Her key workers in pre school were brilliant at recognising this and really worked hard to teach her to say “No, I don’t like that!” in a really authoritative way. And I’m forever grateful that they did.

I want my kids to have bodily autonomy. I don’t want to keep quiet when they are uncomfortable or unhappy. And I certainly want them to stand up when they see injustice in the world.

I could not have been prouder hearing Katie protesting loudly that another child had taken something off her friend. Funnily enough, when you’re aged 4, a very loud ‘No, that’s NOT right’ gets people’s attention.

So whilst I’m still going to encourage compliance regarding vegetable consumption. In many other ways I’d much prefer my kids to be rebels!

Here are five books that I hope encourage to say NO in the ‘right’ situation:

1. Malala Yousafzai: Warrior with Words by Karen Leggett Abouraya. Author and journalist Karen Leggett Abouraya, brings Malala’s story to life for young readers. Malala’s story is more than a biography of a brave and outspoken teenager. It is a testament to the power of education to change the world for boys and girls everywhere.

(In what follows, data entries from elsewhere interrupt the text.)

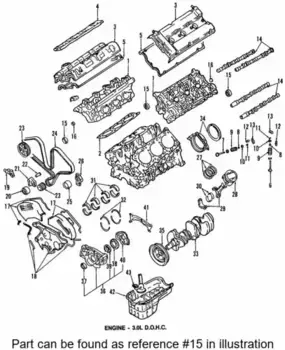 Сальник распредвала двигателя, задний MD150785 MITSUBISHI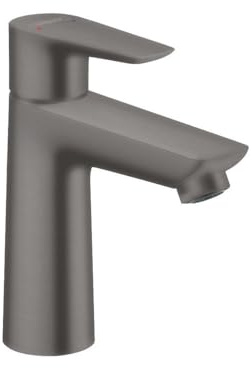 hansgrohe Wasserhahn Talis E (Armatur mit Auslaufhöhe 110mm), Einhebel-Waschtischmischer ohne Ablaufgarnitur, Black Chrome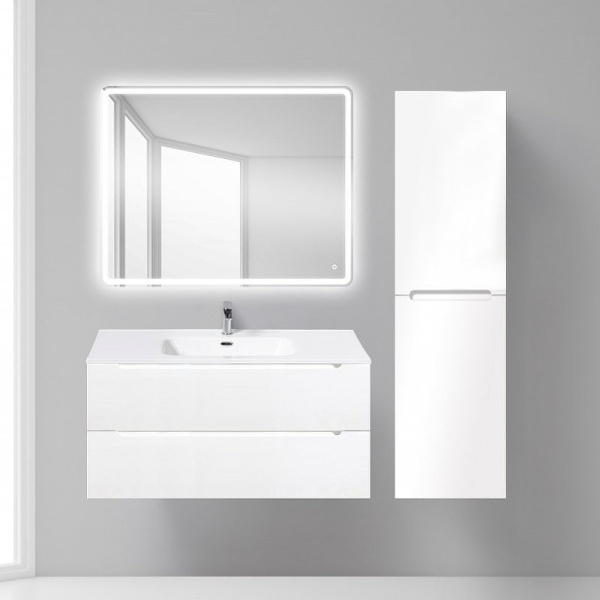 База под раковину подвесная BelBagno ETNA-1000-2C-SO-BO-P Bianco Opaco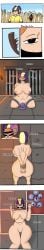 1girls bea_(brawl_stars) big_ass big_breasts bondage brawl_stars breasts damsel_in_distress defeat defeated defeated_heroine dildo dildo_in_pussy dildo_insertion dungeon female fully_nude gag gagged gagged_female gagged_speech gagging instant_loss instant_loss_2koma kidnapped kidnapped_girl kidnapping kingdagon knocked_out muffled muffled_moaning muffled_speech naked naked_female pussy restrained restraints scared scared_expression stuffed_belly stuffed_toy tear tearing_up tears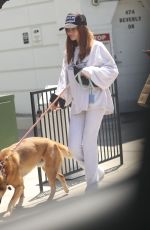 OLIVIA AJDE GIANNULLI Out with Her Dog in Beverly Hills 05/27/2022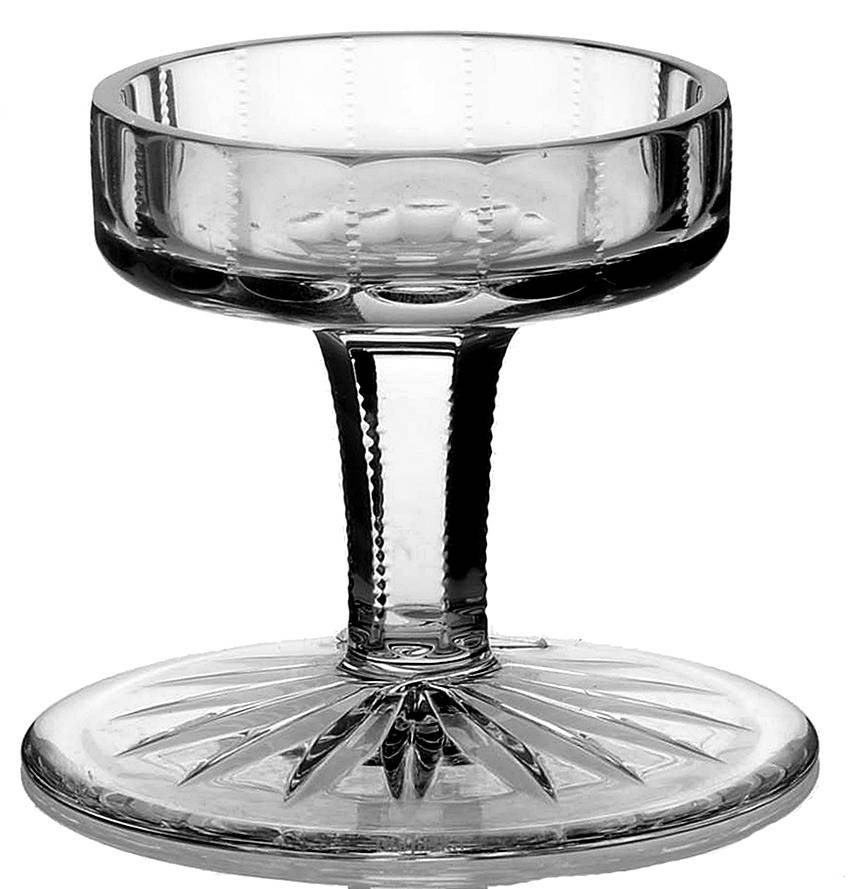 Gallia Hurricane Lamp No Globe by Rogaska-1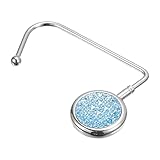 sourcing map Geldbörse Haken Aufhänger - 4,25' Metall Tragbarer Handtaschenhalter für Tischreiniger Frauen Taschenaufbewahrung Dekoration, Blau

2. Rosie Revere, Engineer – by Andrea Beaty and David Roberts. Rosie may seem quiet during the day, but at night she’s a brilliant inventor of gizmos and gadgets who dreams of becoming a great engineer. When her Great, Great Aunt Rose (Rosie the Riveter) comes for a visit and mentions her one unfinished goal–to fly–Rosie sets to work building a contraption to make her aunt’s dream come true. Her invention complete, Rosie attempts a test flight–but after a moment, the machine crashes to the ground. Discouraged, Rosie deems the invention a failure, but Aunt Rose insists that on the contrary, it was a raging success. You can only truly fail, she explains, if you quit. Reassured, Rosie returns to her engineering and inspires her classmates to join in the fun.

3. We Are All Born Free: The Universal Declaration of Human Rights in Pictures – by Amnesty International. An illustrated celebration of the Universal Declaration of Human Rights, stunningly brought to life by internationally-renowned artists including Axel Scheffler, Chris Riddell and Satoshi Kitamura. The Universal Declaration of Human Rights was signed on 10th December 1948.

4. No Means No – by Ayneen Sanders and Cherie Zamazing. ‘No Means No!’ is a children’s picture book about an empowered little girl who has a very strong and clear voice in all issues, especially those relating to her body and personal boundaries.

5. A is for Activist – by Innosanto Nagara. A is for Activist is an ABC board book written and illustrated for the next generation of progressives: families who want their kids to grow up in a space that is unapologetic about activism, environmental justice, civil rights, LGBTQ rights and everything else that activists believe in and fight for. The alliteration, rhyming and vibrant illustrations make the book exciting for children, while the issues depicted resonate with their parents’ values of community, equality and justice.

What’s your favourite book for rebel kids? I’d love to find some more good ones! Have you read any of these? If so, what did you think of them?